One of the tenets of modern portfolio theory is that diversification is good.  It allows one avoid firm specific risk by buying stock in several firms, and to avoid industry specific risk by buying in several industries.  Moreover, the theory argues that one who does not diversify incurs “uncompensated” risks because the price of the stock only reflects the risks that one cannot diversify.

If you buy into this theory, how would a diversified portfolio of society’s assets look like?  In the political arena this would mean that you shouldn’t vote all the time democrat. You should, like big corporations do, give money to both parties.  Whoever is in power will benefit you.  Just like if you buy stock from competing companies if one goes down the other is likely to go up. This same analysis applies to having diversified centers of power.  Federalism, localism and internationalism come in here.

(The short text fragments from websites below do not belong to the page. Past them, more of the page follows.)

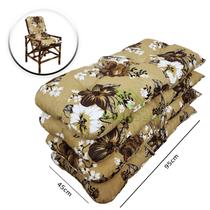 Conjunto 4 Almofadas De Sofa De Bambu Cadeira Vime Poltrona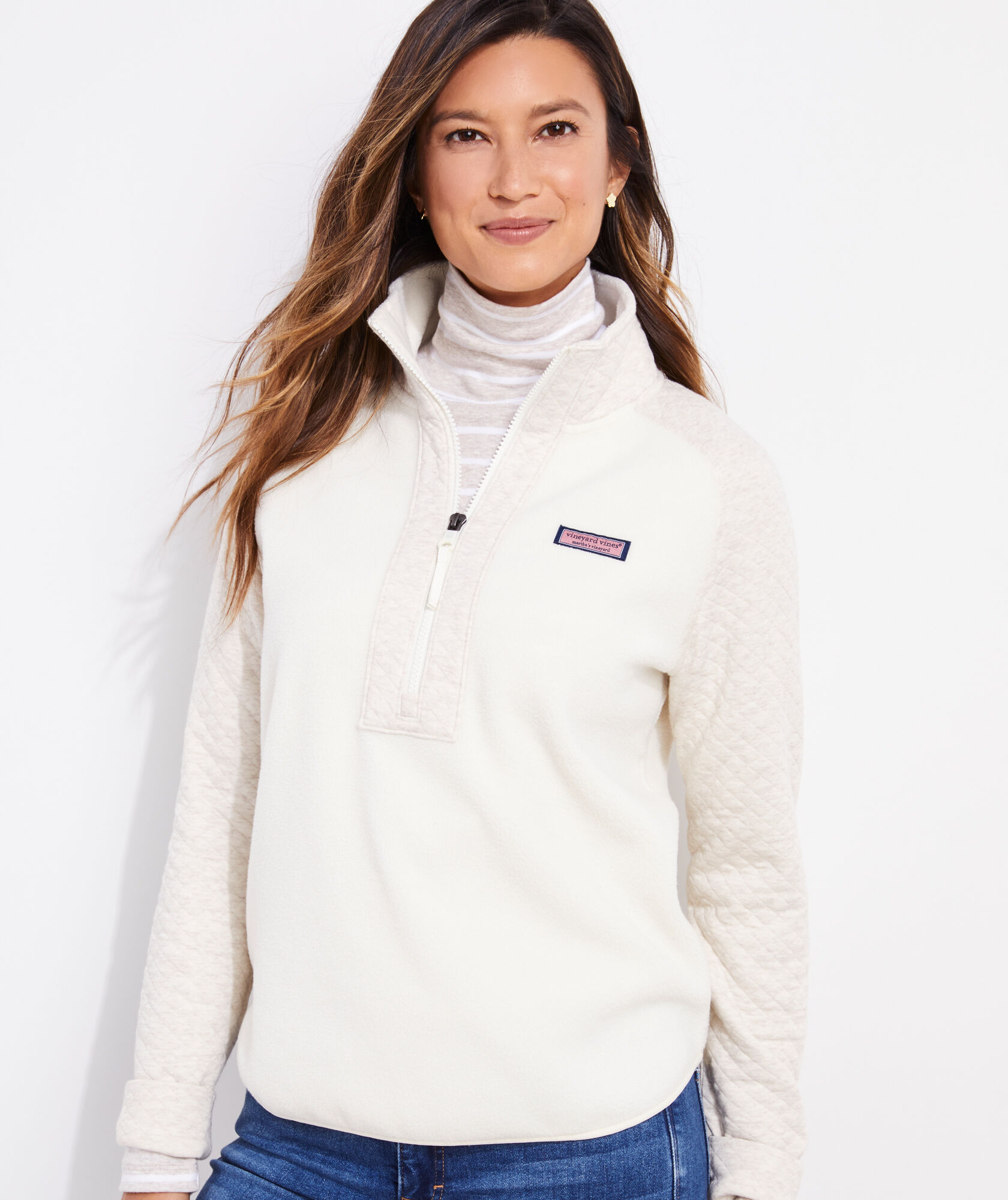 Quilted Sherpa Half-Zip at vineyard vines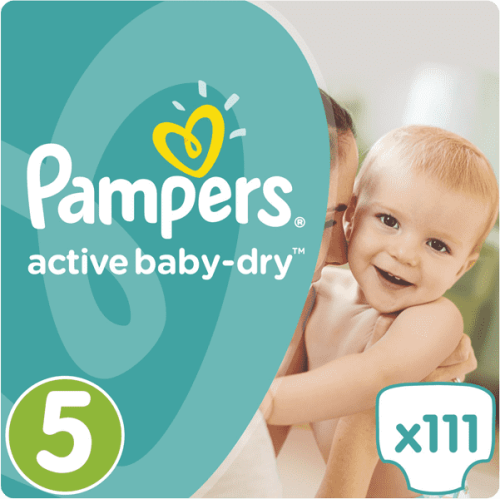 Pampers Active Baby Mega Pack (Size: 5 Junior)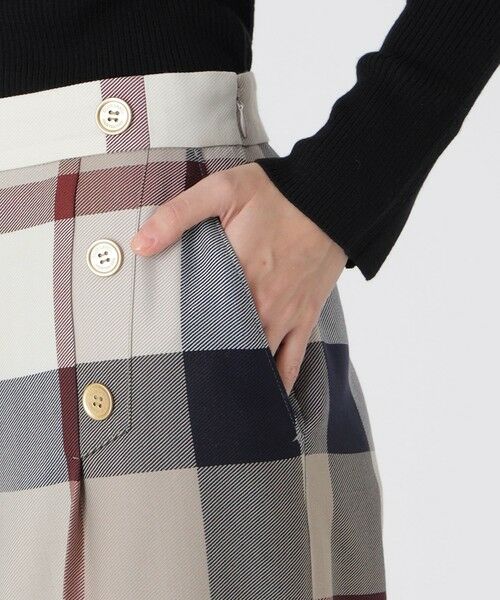 BLUE LABEL / BLACK LABEL CRESTBRIDGE / ブルーレーベル / ブラックレーベル・クレストブリッジ  その他パンツ | 【原宿店限定】クレストブリッジチェッククロッシングビエラワイドパンツ | 詳細13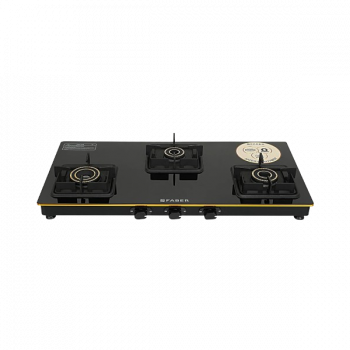 FABER Prince Plus Gas Stove | 3 Burner | Black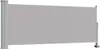 vidaXL Tenda laterale estensibile 100x300 cm Grigio Anteprima dell’immagine prodotto 1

But the real concern of this post are also the so-called “private” sources of power.  Hence, one thing that bothers me is why are we so stupidly listening to whatever those market analysts constantly say?  As if they were some kind of oracles.  That seems to me to be clearly an undiversified source of information.  Maybe we should ask the workers, what do they know?  Maybe we should ask mothers, maybe they know.  Maybe we should ask priests, they should know–they were the original oracles.

Thus, I think that part of the reason for the current financial crisis is our individed attention to a very small group of people.   The natural response to this is, “Yeah, we are listening to them and for a reason: they are the ones making us rich.”  Maybe, maybe, but if you were an investment advisor, with the benefit of modern portfolio theory, you would’t have told your client to put all his stocks in tech companies before the 2001 bubble or for that matter to put them all in clean tech today.  By the same token, just because financial people are making money we shouldn’t be listening solely, or even primarely, to them.  Our world is just too complex for us to trust our hands into so few people. But more fundamentally trust is simply the basis for monopoly rents: do you want to be the consumer in such a market?

In conclusion, I think distrust, disloyalty and skepticism are in.  A well diversified outlook to society would be constantly betraying the winners because we think their victory is not going to last.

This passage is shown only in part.